All decisions are not equal. Qualitatively, quantitatively, they vary in many ways, not least in terms of import, impact and information.
Decisions also have 'quality': decision quality is something to gauge before you make a decision, not something that can be wound back in the presence of new information. The question: 'was it a good decision, at the time?' is critical, not 'does it now seem a good decision?'
So, given that pretty much everything we do in pharma is decision-based, one might imagine the emphasis would be on improving decision quality. One, however, would be very wrong.
In order to do 'evidence-based decision making', which is the mantra in most places, you need evidence upon which to make that decision. If all you have collected is narrow and focused, your decision quality is inevitably impacted: simply, you have too few alternatives to consider when you make your decision.
The decision to 'find out' is not the same as the decision to 'do'. As Annie Duke, author of Thinking In Bets, points out, the early 'bets' in poker are not trying to win, they're trying to learn - small, meaningful investments in a future decision. Likewise, in many chess metaphors, you'll hear 'you can't win the game in the early rounds, but you can lose it.' If early moves are investment-based, and exploratory, in games of decision-making, why not in pharma?

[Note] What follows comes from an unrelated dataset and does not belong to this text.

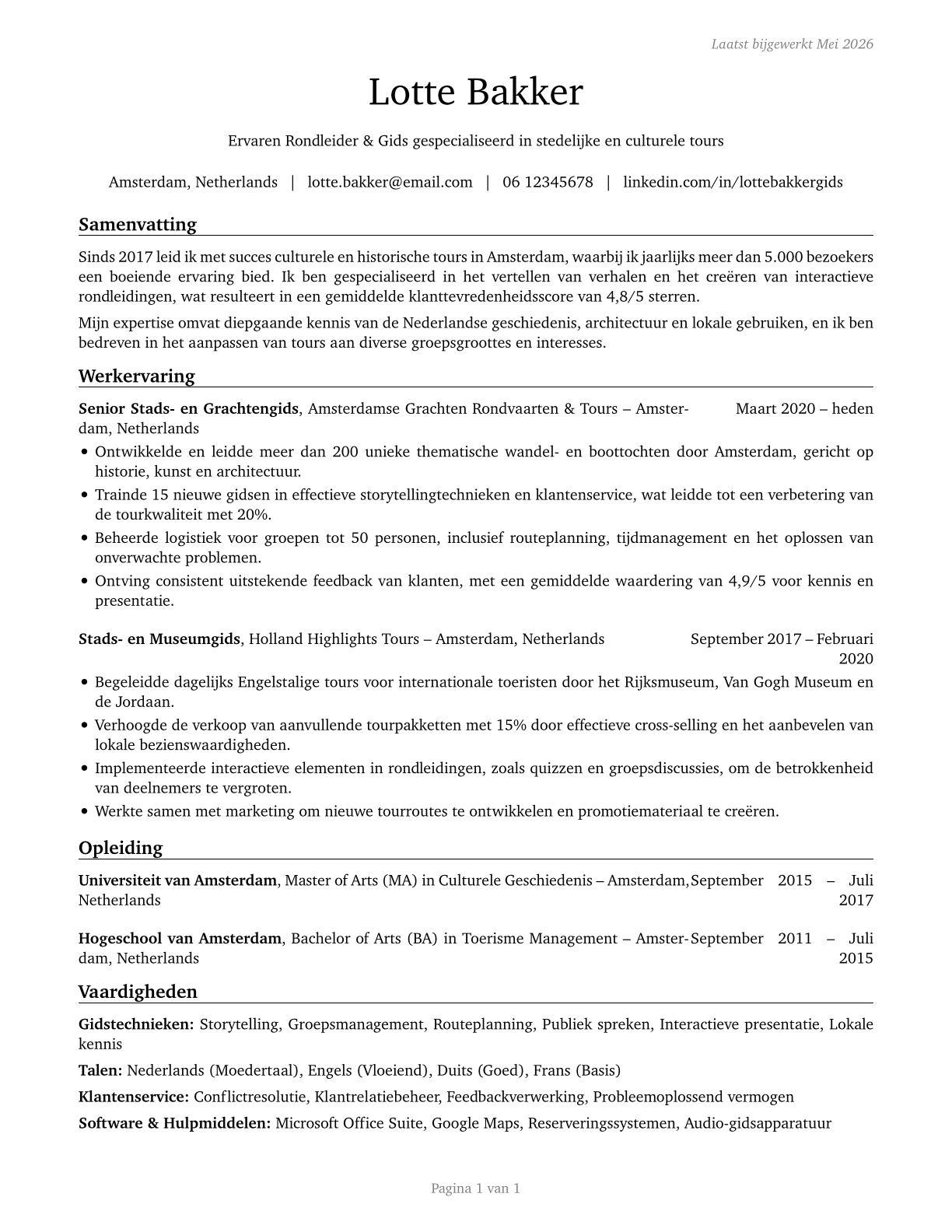Tour Guides and Escorts CV in Dutch — page 1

Decision quality begets the need for evidence quality. Even if you set aside how low validity most translational models are (let's not pretend that AI has changed that by more than a decimal behind the 0), the evidence behind early stage decisions is both weak and suffers from 'absence of evidence' problems more than 'evidence of absence' problems.

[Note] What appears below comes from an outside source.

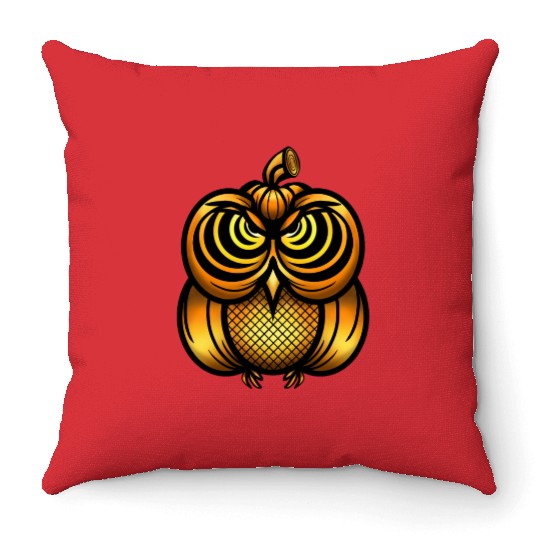 Halloween Pumpkin Owl design Throw Pillows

'Was it a good decision, at the time?' then becomes a function of how you chose to spend your time pre-decision. Spend time, as Annie Duke, David Epstein (and every military strategist, and every philosopher ever), would say, in planning to make a decision in the future, and you change your mindset.

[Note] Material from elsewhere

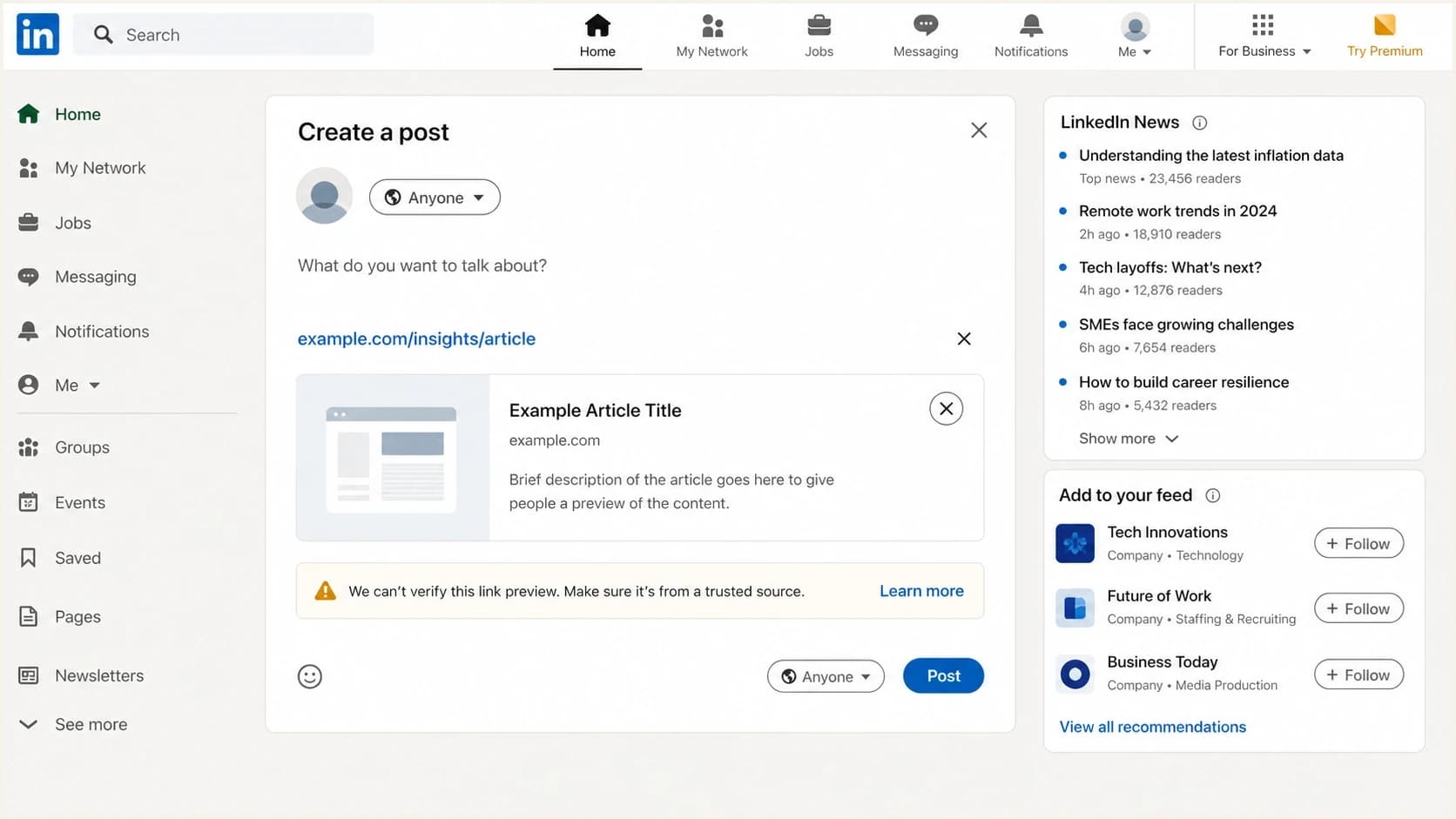 LinkedIn screen showing a shared website link warning before a user clicks through.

Evidence-based decision making needs decision-focused evidence making. Knowing that you have a decision to make, you can generate an evidence plan (a Plan To Learn as we call it). It should, if you plan to optimise Decision Quality, have wide range, alternatives and a healthy reading of import and impact, as well as depth and quality of evidence.
That, in a paragraph, is why we're so focused on early phase becoming exploratory, rather than confirmatory - because it certainly is rather narrow and focused now. Picking and running into phase I is like the Barnes move in chess, apparently the 'worst possible opening move' (I loved this para from Wikipedia):
The move does exert influence over the central square e4, but the same or more ambitious goals can be achieved with almost any other first move. The move 1.f3 does not develop a piece, opens no lines for pieces, and actually hinders the development of White's king knight by denying it its most natural square, f3. It also weakens White's kingside pawn structure, opens the e1–h4 diagonal against White's uncastled king, and opens the g1–a7 diagonal against White's potential kingside castling position.[4]
Decision quality stands or falls on 'things you do know, and things you do not.' Pretending that 'things you do not' will be revealed by a narrow and focused phase I is a key reason for low phase II decision quality (and guess what, for phase III and beyond, as a consequence...).
We recognise this is not a small change from where things are. But it is logically, rationally, critical.